Material provided:
:::

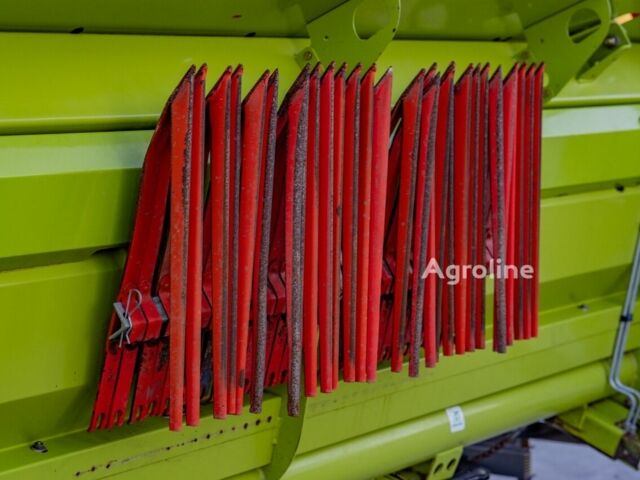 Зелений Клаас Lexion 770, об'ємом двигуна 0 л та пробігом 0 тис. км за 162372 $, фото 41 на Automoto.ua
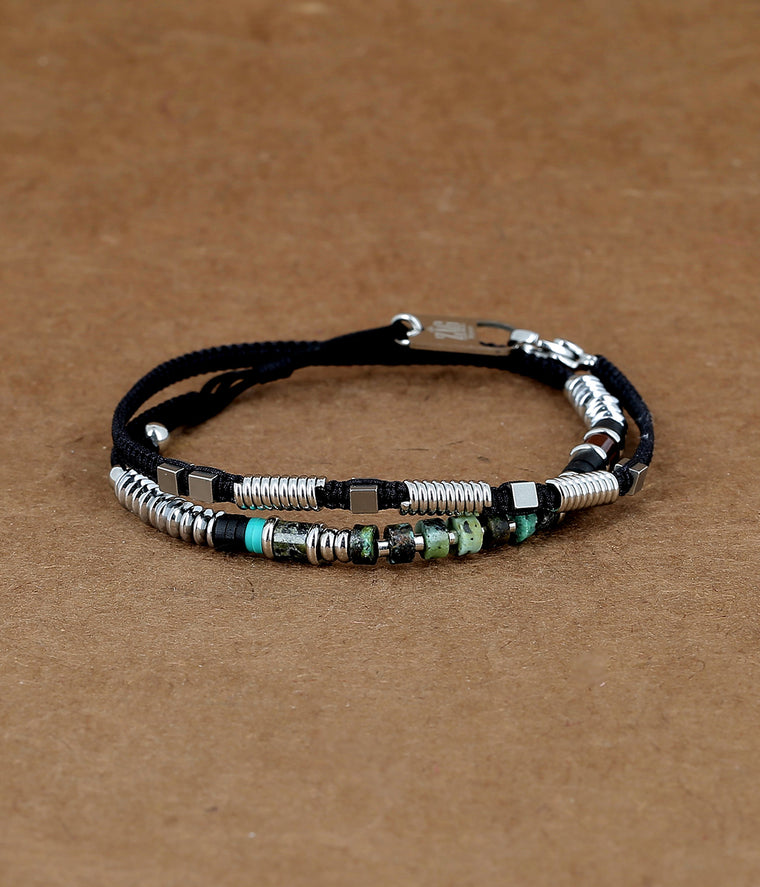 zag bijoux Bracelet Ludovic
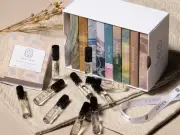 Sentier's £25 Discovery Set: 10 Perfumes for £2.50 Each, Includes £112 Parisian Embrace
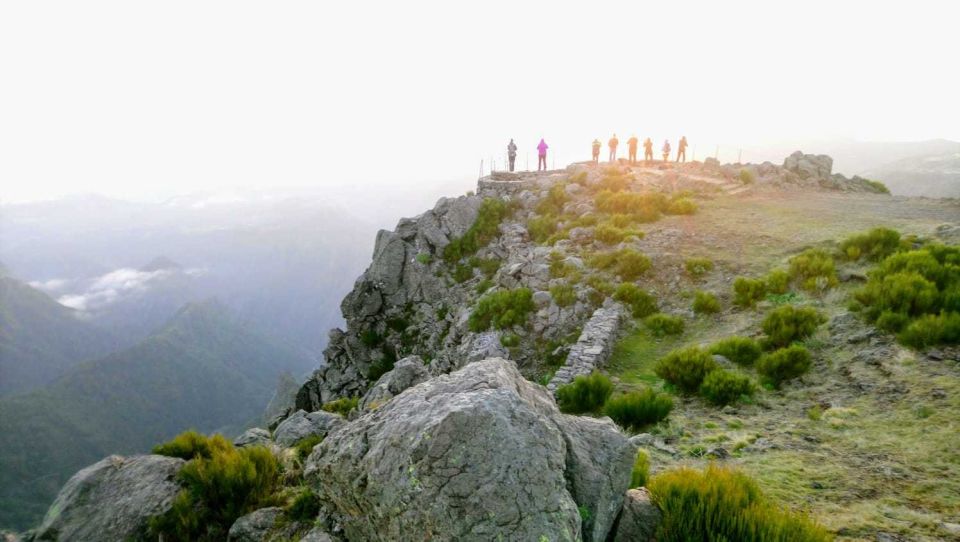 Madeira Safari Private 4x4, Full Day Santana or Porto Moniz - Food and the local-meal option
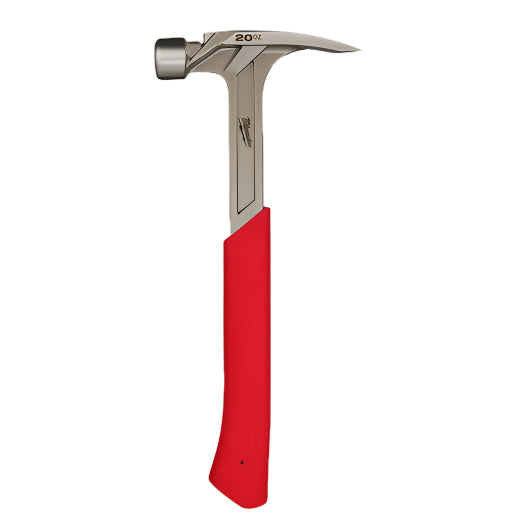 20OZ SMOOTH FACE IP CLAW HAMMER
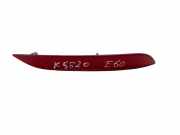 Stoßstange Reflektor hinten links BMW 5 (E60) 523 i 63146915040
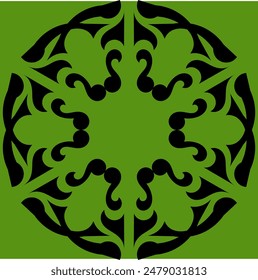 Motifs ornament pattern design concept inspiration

:::

What the exercise asks:
Each record above must be retyped exactly, minus its pictures.

Output of the task:
 Зелений Клаас Lexion 770, об'ємом двигуна 0 л та пробігом 0 тис. км за 162372 $, фото 41 на Automoto.ua
 zag bijoux Bracelet Ludovic
 Sentier's £25 Discovery Set: 10 Perfumes for £2.50 Each, Includes £112 Parisian Embrace
 Madeira Safari Private 4x4, Full Day Santana or Porto Moniz - Food and the local-meal option
 20OZ SMOOTH FACE IP CLAW HAMMER
 Stoßstange Reflektor hinten links BMW 5 (E60) 523 i 63146915040
 Motifs ornament pattern design concept inspiration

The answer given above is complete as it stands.